Pour cela, l’UE semble avoir déjà réfléchi à une solution, à travers son système communautaire d’échange de quotas d’émission (SCEQE). Ce cadre fait payer aux industries le CO₂ qu’elles émettent, en quantifiant le coût environnemental d’une tonne de dioxyde de carbone.

La directive établissant le SCEQE affirme que les mesures de soutien aux industries à forte intensité énergétique doivent être réexaminées à la lumière des évolutions internationales, et que ce réexamen « pourrait » inclure l’examen de « l’opportunité de remplacer, d’adapter ou de compléter toute mesure existante visant à prévenir les fuites de carbone par des ajustements aux frontières du carbone ».

En clair : en affirmant que les importateurs doivent respecter les lois européennes sur le climat, l’UE contourne les règles du commerce international fixées par l’OMC. Par exemple, l’UE pourrait exempter les importations d’acier et d’aluminium (dont les émissions de dioxyde de carbone sont importantes) des quotas gratuits, ce qui affecterait considérablement les importations étrangères.

Quelle est la différence avec Trump ?

Trump a également imposé des droits de douane sur l’acier et l’aluminium en provenance d’Europe, dans le but de « protéger les emplois américains ». En réalité, ce sont les entreprises et les consommateurs américains qui ont fini par payer la facture de ces droits de douane.
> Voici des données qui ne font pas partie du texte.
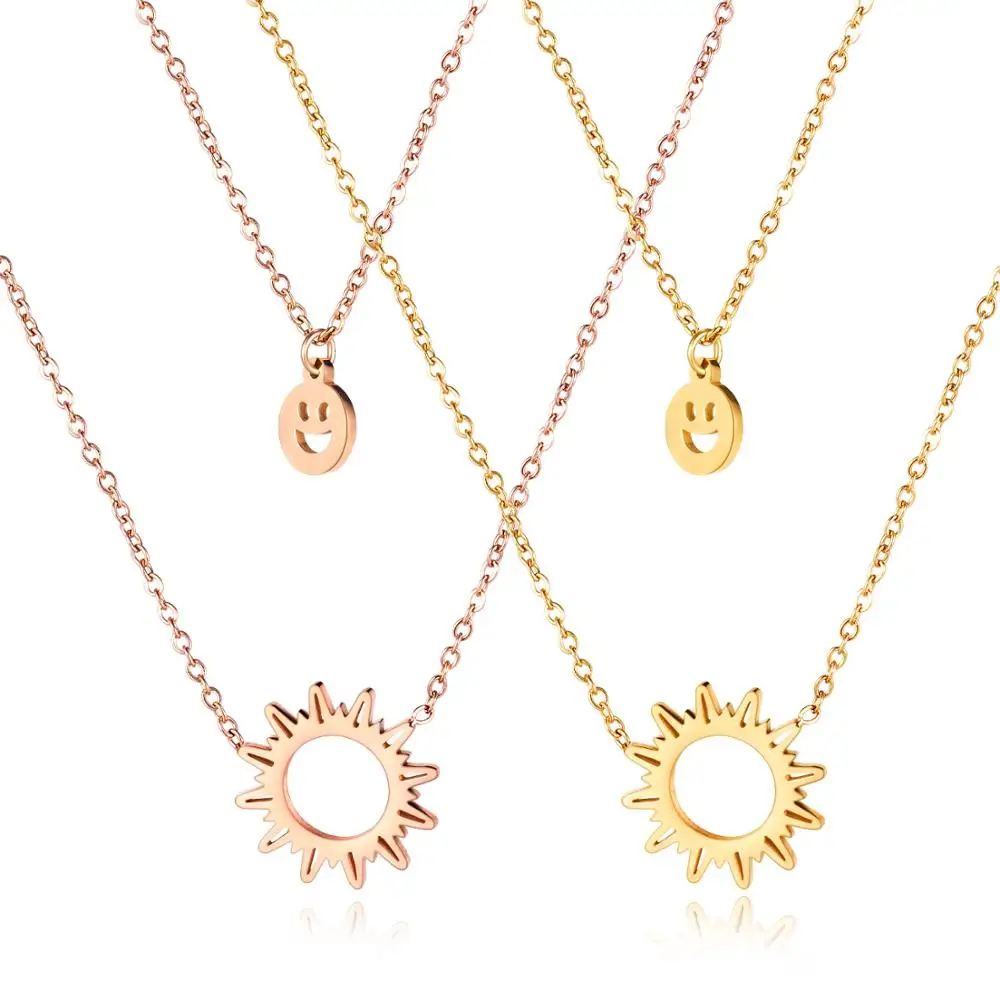 

cute sun Smiley layered stainless steel necklaces for women kpop bff rose gold pendant bijoux collares mujer moda 2020 wholesale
Les Etats-Unis devraient plutôt pratiquer le libre-échange, qui est une politique économiquement raisonnable d’échanges mutuels. C’est également ce que l’Union européenne avait dit à Trump, lorsqu’elle s’était opposée à ces mesures.

En réalité, l’Union européenne est tout aussi protectionniste que les Etats-Unis. La différence notable est que l’Europe a trouvé des moyens plus élaborés de mettre en œuvre les mêmes politiques et, trop souvent, de s’en tirer à bon compte.